Quantcast

‘Finian’s Rainbow’ review: Melissa Errico fantastic in timely revival

It’s never too late to return to the fictional sharecropping community of Rainbow Valley, Missitucky, and sing about the fictional Irish village of Glocca Morra — at least if you’re a stunning songstress like Melissa Errico, who jumpstarted her career while still in her early 20s when she won the role of Eliza Doolittle in a short-lived 1993 Broadway revival of “My Fair Lady.”

Twelve years ago, Errico headlined a pocket-sized revival of the unconventional and politically-minded 1947 musical comedy “Finian’s Rainbow” at Off-Broadway’s Irish Repertory Theatre. (A full-scale Broadway revival of the musical flopped in 2009 in spite of rave reviews.)

Now 46 years old and looking as lovely as ever, Errico has returned to the newly refurbished Irish Repertory Theatre for a remounting of Charlotte Moore’s concert-style production, once again playing the ingenue role of Sharon McLonergan.

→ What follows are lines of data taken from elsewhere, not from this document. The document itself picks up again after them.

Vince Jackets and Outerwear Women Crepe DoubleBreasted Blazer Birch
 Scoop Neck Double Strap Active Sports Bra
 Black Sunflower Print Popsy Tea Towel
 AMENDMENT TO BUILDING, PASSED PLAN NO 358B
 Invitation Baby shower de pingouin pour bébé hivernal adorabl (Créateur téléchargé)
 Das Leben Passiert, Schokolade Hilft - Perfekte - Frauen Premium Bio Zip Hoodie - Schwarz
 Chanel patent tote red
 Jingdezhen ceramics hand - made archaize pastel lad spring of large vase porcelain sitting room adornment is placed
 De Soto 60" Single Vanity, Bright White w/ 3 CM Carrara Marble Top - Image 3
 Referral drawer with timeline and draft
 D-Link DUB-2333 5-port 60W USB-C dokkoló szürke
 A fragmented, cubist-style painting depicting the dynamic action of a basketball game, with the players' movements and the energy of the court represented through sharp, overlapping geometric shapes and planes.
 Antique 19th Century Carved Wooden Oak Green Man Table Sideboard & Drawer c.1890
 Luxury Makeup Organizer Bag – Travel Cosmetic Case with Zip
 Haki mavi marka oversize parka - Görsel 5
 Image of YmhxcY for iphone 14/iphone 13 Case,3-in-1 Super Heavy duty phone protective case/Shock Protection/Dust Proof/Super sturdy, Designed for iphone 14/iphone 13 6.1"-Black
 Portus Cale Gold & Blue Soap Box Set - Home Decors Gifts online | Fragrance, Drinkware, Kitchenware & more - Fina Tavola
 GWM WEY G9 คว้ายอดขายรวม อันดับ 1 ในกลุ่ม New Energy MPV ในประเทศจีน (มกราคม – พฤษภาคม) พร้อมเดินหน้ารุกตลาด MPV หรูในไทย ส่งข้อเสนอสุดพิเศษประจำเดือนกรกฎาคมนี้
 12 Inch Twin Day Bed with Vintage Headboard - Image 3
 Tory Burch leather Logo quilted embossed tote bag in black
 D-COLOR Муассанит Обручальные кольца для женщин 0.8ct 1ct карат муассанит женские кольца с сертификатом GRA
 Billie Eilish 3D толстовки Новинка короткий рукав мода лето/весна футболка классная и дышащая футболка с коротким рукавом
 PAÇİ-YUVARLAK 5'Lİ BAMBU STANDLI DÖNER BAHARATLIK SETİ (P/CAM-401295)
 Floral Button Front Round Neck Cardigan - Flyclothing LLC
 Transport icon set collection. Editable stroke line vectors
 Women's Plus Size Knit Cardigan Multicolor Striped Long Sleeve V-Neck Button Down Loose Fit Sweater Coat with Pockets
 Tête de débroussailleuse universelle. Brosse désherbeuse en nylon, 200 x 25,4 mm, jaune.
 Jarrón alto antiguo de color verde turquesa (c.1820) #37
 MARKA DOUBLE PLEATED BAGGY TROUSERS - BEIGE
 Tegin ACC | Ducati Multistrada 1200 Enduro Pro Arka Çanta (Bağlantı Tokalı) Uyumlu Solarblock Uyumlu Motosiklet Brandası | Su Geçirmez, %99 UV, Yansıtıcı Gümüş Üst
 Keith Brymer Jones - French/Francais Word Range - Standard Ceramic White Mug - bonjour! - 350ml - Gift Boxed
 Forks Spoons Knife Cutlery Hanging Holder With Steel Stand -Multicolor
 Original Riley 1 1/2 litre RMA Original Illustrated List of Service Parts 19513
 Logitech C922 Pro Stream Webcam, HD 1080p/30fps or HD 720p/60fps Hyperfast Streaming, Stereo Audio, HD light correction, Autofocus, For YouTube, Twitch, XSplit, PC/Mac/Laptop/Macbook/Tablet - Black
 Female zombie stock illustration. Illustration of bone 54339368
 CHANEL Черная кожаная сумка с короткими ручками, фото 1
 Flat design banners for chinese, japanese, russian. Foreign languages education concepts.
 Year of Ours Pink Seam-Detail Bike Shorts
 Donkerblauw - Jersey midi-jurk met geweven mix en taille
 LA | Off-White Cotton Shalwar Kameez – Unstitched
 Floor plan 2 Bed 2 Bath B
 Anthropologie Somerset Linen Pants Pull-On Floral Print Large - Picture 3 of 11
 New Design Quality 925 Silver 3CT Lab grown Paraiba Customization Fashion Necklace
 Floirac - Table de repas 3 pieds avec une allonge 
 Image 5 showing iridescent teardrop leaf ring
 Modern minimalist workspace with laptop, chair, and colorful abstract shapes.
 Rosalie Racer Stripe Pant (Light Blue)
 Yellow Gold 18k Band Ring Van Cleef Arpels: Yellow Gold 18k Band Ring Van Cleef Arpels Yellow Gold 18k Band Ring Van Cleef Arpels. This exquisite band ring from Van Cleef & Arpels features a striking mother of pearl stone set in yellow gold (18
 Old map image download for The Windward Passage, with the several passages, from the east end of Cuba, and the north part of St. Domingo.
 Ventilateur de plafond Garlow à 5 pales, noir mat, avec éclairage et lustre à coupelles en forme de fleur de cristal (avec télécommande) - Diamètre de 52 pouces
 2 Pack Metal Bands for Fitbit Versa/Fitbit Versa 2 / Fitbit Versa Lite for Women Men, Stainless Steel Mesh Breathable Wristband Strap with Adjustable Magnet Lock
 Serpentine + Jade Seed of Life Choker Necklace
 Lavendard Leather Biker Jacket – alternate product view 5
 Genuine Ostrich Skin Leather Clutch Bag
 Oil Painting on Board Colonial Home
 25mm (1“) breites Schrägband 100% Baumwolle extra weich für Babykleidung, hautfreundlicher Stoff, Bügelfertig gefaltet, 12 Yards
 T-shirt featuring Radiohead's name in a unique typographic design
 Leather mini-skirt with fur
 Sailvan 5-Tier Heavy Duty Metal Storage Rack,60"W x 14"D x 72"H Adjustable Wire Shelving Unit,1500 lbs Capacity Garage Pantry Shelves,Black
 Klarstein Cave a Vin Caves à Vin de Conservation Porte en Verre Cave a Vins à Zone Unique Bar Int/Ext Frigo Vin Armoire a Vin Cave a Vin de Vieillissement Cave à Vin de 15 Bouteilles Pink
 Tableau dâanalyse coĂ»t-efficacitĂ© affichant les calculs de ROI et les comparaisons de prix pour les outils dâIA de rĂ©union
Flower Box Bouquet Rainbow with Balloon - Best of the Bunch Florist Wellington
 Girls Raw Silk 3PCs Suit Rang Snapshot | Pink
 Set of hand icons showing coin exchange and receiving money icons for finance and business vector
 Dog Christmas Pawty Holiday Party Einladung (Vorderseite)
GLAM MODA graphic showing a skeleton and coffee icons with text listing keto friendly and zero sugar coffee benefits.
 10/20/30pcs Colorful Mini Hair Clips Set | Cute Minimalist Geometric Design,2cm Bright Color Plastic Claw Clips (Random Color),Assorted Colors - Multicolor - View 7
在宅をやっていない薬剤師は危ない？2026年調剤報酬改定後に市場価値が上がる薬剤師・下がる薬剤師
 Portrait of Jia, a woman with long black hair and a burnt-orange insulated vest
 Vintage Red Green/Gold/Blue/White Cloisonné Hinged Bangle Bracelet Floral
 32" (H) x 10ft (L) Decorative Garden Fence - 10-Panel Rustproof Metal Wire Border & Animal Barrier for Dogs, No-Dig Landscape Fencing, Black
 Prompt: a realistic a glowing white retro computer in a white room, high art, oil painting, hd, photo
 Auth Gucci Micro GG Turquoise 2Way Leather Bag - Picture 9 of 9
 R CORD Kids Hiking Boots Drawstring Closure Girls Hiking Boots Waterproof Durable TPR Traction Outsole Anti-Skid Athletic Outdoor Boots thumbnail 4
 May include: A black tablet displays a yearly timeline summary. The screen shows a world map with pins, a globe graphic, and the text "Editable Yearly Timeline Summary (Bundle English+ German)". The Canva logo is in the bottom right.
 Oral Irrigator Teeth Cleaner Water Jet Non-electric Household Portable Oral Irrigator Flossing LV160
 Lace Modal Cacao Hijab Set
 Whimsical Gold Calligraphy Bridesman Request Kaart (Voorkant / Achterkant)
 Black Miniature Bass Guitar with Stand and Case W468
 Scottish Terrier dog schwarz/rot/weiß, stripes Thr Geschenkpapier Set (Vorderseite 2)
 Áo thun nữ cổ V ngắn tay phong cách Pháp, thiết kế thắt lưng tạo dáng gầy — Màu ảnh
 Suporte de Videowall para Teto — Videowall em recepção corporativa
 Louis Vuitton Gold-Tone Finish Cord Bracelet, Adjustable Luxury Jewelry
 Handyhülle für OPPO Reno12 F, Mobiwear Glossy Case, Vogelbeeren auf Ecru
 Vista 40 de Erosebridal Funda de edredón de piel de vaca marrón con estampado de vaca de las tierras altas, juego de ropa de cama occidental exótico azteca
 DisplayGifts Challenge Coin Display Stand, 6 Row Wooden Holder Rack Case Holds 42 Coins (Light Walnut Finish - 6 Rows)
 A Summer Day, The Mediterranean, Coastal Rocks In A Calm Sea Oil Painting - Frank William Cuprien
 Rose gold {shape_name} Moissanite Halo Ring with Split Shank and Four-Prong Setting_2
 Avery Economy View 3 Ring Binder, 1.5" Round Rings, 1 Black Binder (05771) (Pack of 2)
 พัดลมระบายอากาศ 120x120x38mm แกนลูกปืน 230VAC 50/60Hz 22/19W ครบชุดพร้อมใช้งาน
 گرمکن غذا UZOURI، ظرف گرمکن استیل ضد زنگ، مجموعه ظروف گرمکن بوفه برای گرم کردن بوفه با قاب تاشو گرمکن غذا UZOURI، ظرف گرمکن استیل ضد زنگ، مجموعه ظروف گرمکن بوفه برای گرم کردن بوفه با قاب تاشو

“Finian’s Rainbow” has a wild and complicated plot involving poor sharecroppers facing eviction, a quirky Irishman looking to strike it rich, his brash daughter, a leprechaun searching for his stolen gold and a racist white senator who is magically turned into a black man (conveyed here with a simple mask) and learns empathy.

Many of its targets for political satire (racial discrimination, immigration, a rigged economy, buying on credit) have become especially timely. One lyric even bemoans “the misbegotten G.O.P.”

Errico is joined by the ultra-animated Ken Jennings (the original Tobias in “Sweeney Todd”) as Finian and the dashing Ryan Silverman (“Side Show”) as her guitar-carrying beau Woody.

Even with just a four-member orchestra, the incomparable Burton Lane-E.Y. Harburg score (which contains romantic standards like “”How Are Things in Glocca Morra,” “Old Devil Moon” and “Look to the Rainbow” and many witty lyrics) still glows.

If you go: “Finian’s Rainbow” plays at the Irish Repertory Theatre through Dec. 18. 132 W. 22nd St., irishrep.org.